Solving Process Issues With a Detail-Oriented Approach

Reader Question:

We’ve got great machinists here. Most of the time, we find issues quick, solve them quick and get our parts out on time. Where we’ve struggled is when an issue doesn’t seem to react immediately to a more traditional fix or lingers throughout long runs. What’s a better way to solve issues when the solution is less obvious?

Miller’s Answer:

Troubleshooting for a machinist is an essential skill. Whether it be program errors, machine alarms or broken tools. It sounds like your team is handling these with ease. However, those issues typically follow a simpler cause-and-effect model. For example, I cut too deep; therefore, I broke a tool. Once you fix the cause and reduce the depth of cut, the tool no longer breaks. The root cause was obvious, and the corrective action was clear.

Many dimensional issues are solved in a similar manner. If a bore is too small, adjust the boring bar. If a depth is wrong, correct the tool height. If a position is shifted, check your work offsets. In fact, given the consistency and accuracy of our machines and the tools we put in them, our process problems are often limited to simple adjustments to the machine’s offset table.

However, what is a machinist supposed to do when their process issue lingers or their first attempts at a cause-and-effect solution prove ineffective? We often encounter issues that happen occasionally, or we are working with a process that is on the ragged edge of in spec. The key to solving issues like this is a thorough review of the process, and a commitment to working the details one by one.

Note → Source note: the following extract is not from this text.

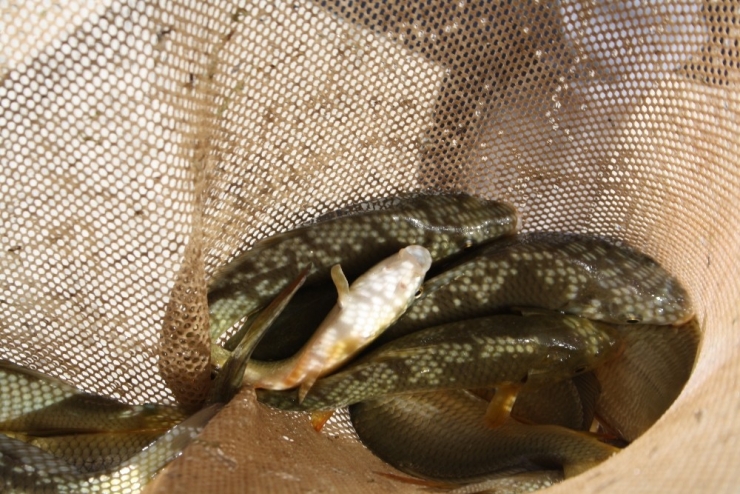 Burdur’da İki Baraja 350 Bin Yavru Sazan Salındı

To begin, identifying when you’re stuck can often be the hardest part of solving an issue like this. As machinists, it is often very easy for us to throw metal at an issue. If I’ve done this twice without significant improvement from either of my corrections, I start to question my perceived root cause a little more. It is essential for a machinist and a shop to have the discipline to pause a process and reassess, even when schedules are tight. Time spent making bad parts is the same as time spent making no parts. Therefore, making a game plan and then executing a robust, lasting solution will often require the same amount of time, but will result in much less material consumed.

In addition to identifying an issue before it festers, we need to gather some general information about the problem. Most importantly, how often is it occurring, and when? Can the issue be related to a shift or an individual who may need some additional training? Is it related to surrounding shop events or a new lot of raw material? Does it happen when the machine is cold or towards the end of a long run? Answering all of these questions helps drive the next step of root cause analysis.

After identifying the issue, and its potential for long-term headaches, we must identify all the potential causes for that issue. We’ve already recognized there is no single root cause, so make a list of every potential culprit. This should include tools, fixtures, tool paths, programs, order of operations, machine conditions, coolant and so on. Be very thorough here! The purpose of this exercise is twofold: First, it is to identify the items we should address, and second, it is to get a shop thinking about the machining process in its entirety rather than laser focus on a short list.

The next step is to rank these items relative to their impact on the issue at hand. For example, culprits related to workholding may be ranked higher for a flatness issue than our cutting tool of choice. It’s not that the tool has no impact, but we want to address the causes with the potential for the highest impact. Next to each item, identify what you plan to do about them related to the issue. For workholding, it could be to modify the soft jaw shape or reduce clamping force. For tooling, it might be speed and feed changes or freer cutting tool geometry. You also need to identify what solutions are simpler to implement today and for free, and what improvements may need time and money to work out. With a big list of suspects, a ranking of probability and an idea of difficulty, lead time and price, we can now begin addressing each one.

The only thing left to do is to execute the list. Look for free, simple and high impact and do those first and keep working down. If you see an improvement to your lingering issue, then keep this change as part of the machining process. It may not be the massive win you were hoping for, but it’s a win we want to keep. If you see a neutral result, but you know it’s a better process for other reasons (consistency and repeatability may be a side benefit not related to the current issue), consider keeping it in place as well. Most important is that with each one, we properly document the changes and level of improvement. If something makes a problem worse, then we want to be able to quickly revert and change course.

Our goal with each process improvement is to keep stacking up small wins until we are in tolerance, then perhaps stack a few more to give us a cushion for long term stability. For example, correcting runout in our tools may be worth a few microns, while adding a fixture support may be worth a few more. Maybe a tool path or speed and feed improvement is also worth a few more still. Throughout all these changes, we will eventually get to consistent, in-spec parts. The final resolution to any lingering issue is going to be a sum of each mini-improvement we implement, so be sure to take the wins as they come.

A machining process should be understood like a system with multiple inputs. All inputs within that system have a part to play in final part quality and how robust that system is throughout a long part run.

To reiterate, we are working in the foggy areas of the process, and the toughest issues in a system are rarely obvious to fix. Focus on the details, work them diligently and keep stacking those small wins. Eventually you’ll be stacking good parts as well!